Restate the listing below word for word; no pictures belong in the copy.

Given data:
__________
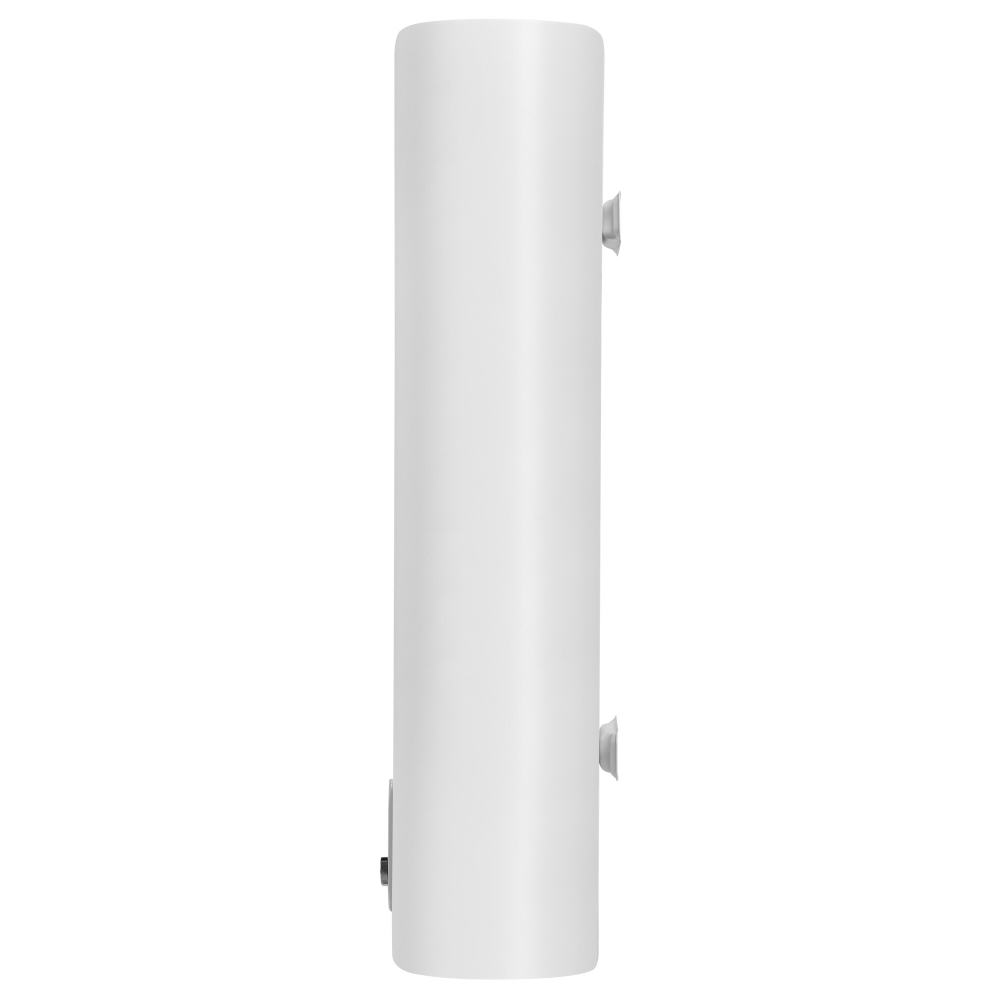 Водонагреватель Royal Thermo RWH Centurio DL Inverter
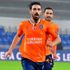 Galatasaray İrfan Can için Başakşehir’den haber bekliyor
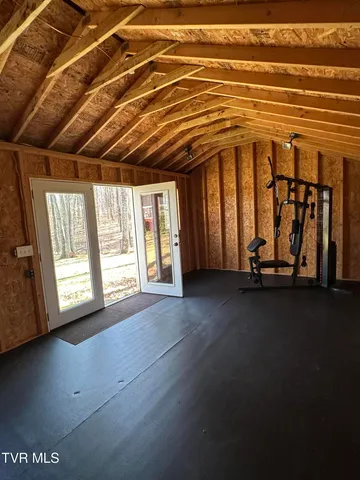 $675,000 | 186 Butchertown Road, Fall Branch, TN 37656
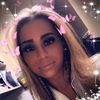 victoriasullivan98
__________
Expected answer:
 Водонагреватель Royal Thermo RWH Centurio DL Inverter
 Galatasaray İrfan Can için Başakşehir’den haber bekliyor
 $675,000 | 186 Butchertown Road, Fall Branch, TN 37656
 victoriasullivan98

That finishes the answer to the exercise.